If the park is "realigned" to accommodate the power project, then the floodgates have burst on BC's parks, ecological areas and other protected lands. Electricity generation trumps environmental protection - even if the area has already been deemed worth protecting.

The project is in pre-application stage under the Environmental Assessment Act. The company is preparing Draft Terms of Reference, following which a public comment period will open up.
Upper Pitt River Power Project at the EAO.

See also NO to transmission lines in BC's parks

Phil Melnychuk
Maple Ridge News
Jul 07 2007

Laustrup_at_Boise_C__070707.jpg
With Boise Creek and Remote Peak in the background, Chris Laustrup says seven run-of-river sites are too much in too-small an area with a huge potential for outdoor recreation.

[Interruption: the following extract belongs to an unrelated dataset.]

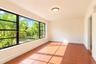 Floor-to-ceiling windows with black frames, tile flooring, and flush-mount ceiling lighting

Phil Melnychuk, the News

The battered crew cab stops in a clearing in the upper Pitt River valley and Dianna Laustrup runs out from a little A-frame cabin with a welcoming wave.

She's soon joined by her husband Chris, toddler in tow, wearing smiles.

It's a scene from somewhere in the past: Homesteading family battling hostile wilderness, greets dusty, thirsty visitors on tough journey.

For Chris, though, it's a battle to preserve the wilderness, or as much as of it as possible, from the hungry metropolis to the southwest.

Voracious Vancouver continues to grow. In the late 1990s, a gravel mine was proposed next to the upper Pitt River. Residents rallied and fought it to a standstill.

Now, Run of River Power Inc. wants to put seven turbines on the eight largest mountain creeks that feed the upper Pitt River and Chris is preparing for another battle.

If approved by the Environmental Assessment Office, the power plants will produce 161 megawatts for B.C. Hydro's power grid, enough to light up TVs and computers in 55,000 homes.

But don't talk to Chris about the environmental side and concerns about possible effects on fish or wildlife habitat when part of a stream flows down a three- or four-kilometre pipeline into a turbine.

He doesn't want to get into that.

Chris's main objection is that the stations are located in a wilderness valley, literally on the doorstep of two million people in greater Vancouver.

"I don't need any more information.

"I knew the day this project came out that this project was wrong for the valley," he said.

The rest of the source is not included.